[Collected data]
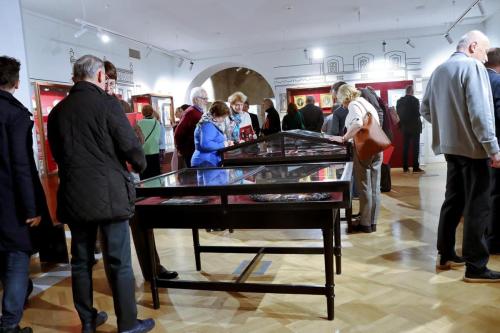 img-0580-edytowano-copy "Wielkie Historie w Małych Formach: Wystawa Miniatur"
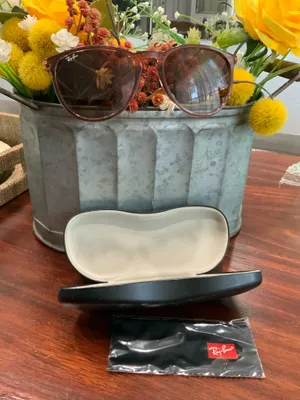 Authentic Ray-Ban sunglasses featRay-Ban Sunglasses with Case and Cleaning Cloth thumbnail 4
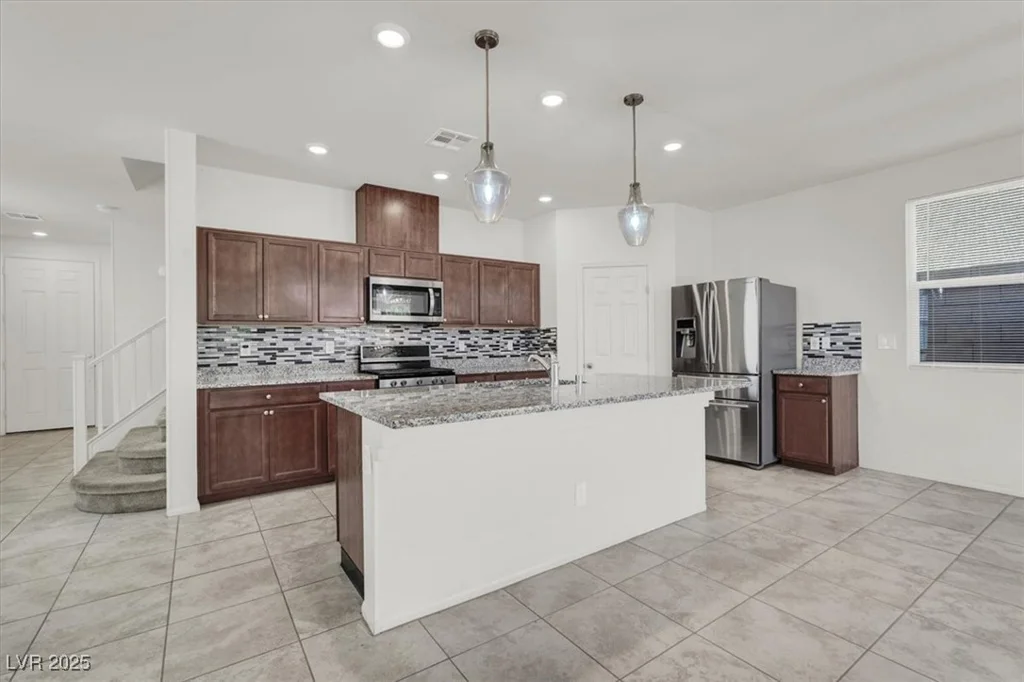 9198 Harbin, Las Vegas, NV 89148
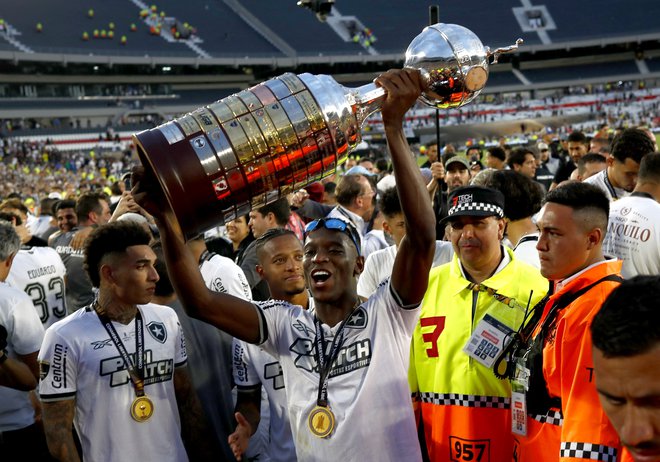 Botafogo, klub iz Ria de Jasneira, je osvojil svoj prvi naslov južnoameriškega prvaka. FOTO: Matias Baglietto Reuters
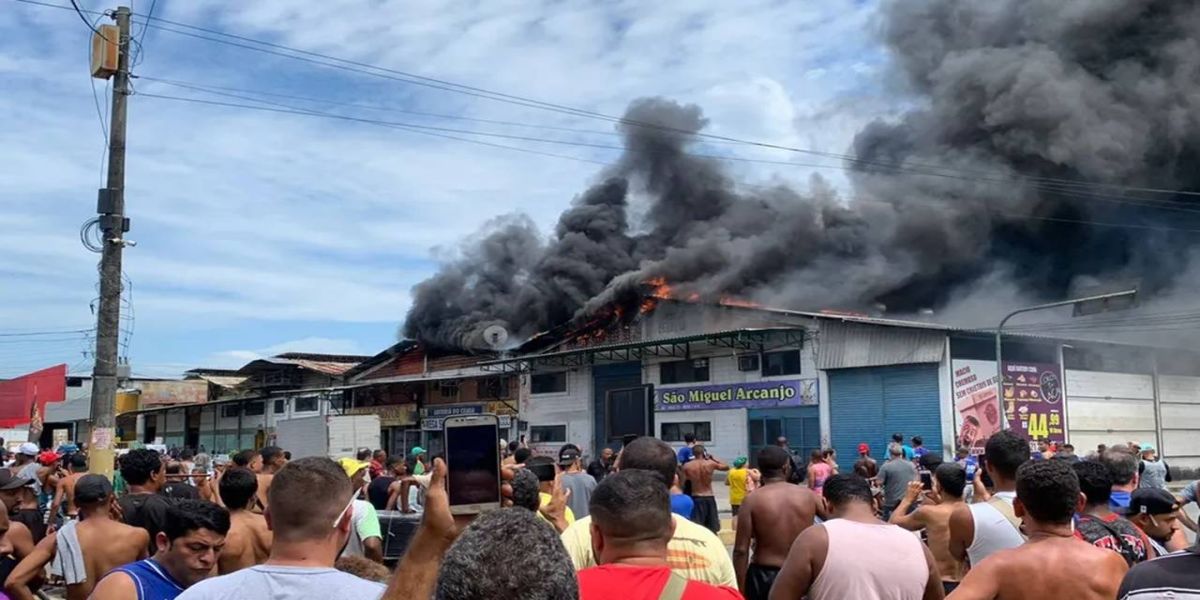 Bombeiros combatem incêndio na Ceasa; houve vários saques e tiros para o alto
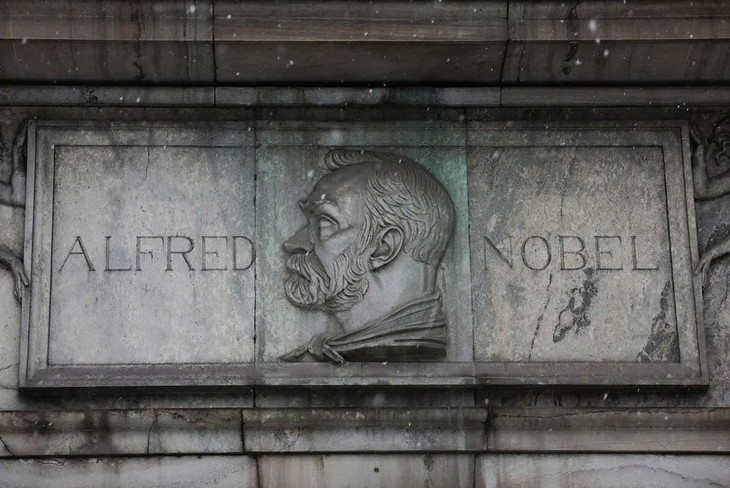Quy trình phía sau những cái tên đoạt giải Nobel- Ảnh 1.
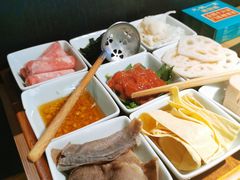 -九锅一堂酸菜鱼(新南凯德直营店)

# What is being asked:
Keep every word of the records and none of the pictures when you print them again.

# Result below:
 img-0580-edytowano-copy "Wielkie Historie w Małych Formach: Wystawa Miniatur"
 Authentic Ray-Ban sunglasses featRay-Ban Sunglasses with Case and Cleaning Cloth thumbnail 4
 9198 Harbin, Las Vegas, NV 89148
 Botafogo, klub iz Ria de Jasneira, je osvojil svoj prvi naslov južnoameriškega prvaka. FOTO: Matias Baglietto Reuters
 Bombeiros combatem incêndio na Ceasa; houve vários saques e tiros para o alto
Quy trình phía sau những cái tên đoạt giải Nobel- Ảnh 1.
 -九锅一堂酸菜鱼(新南凯德直营店)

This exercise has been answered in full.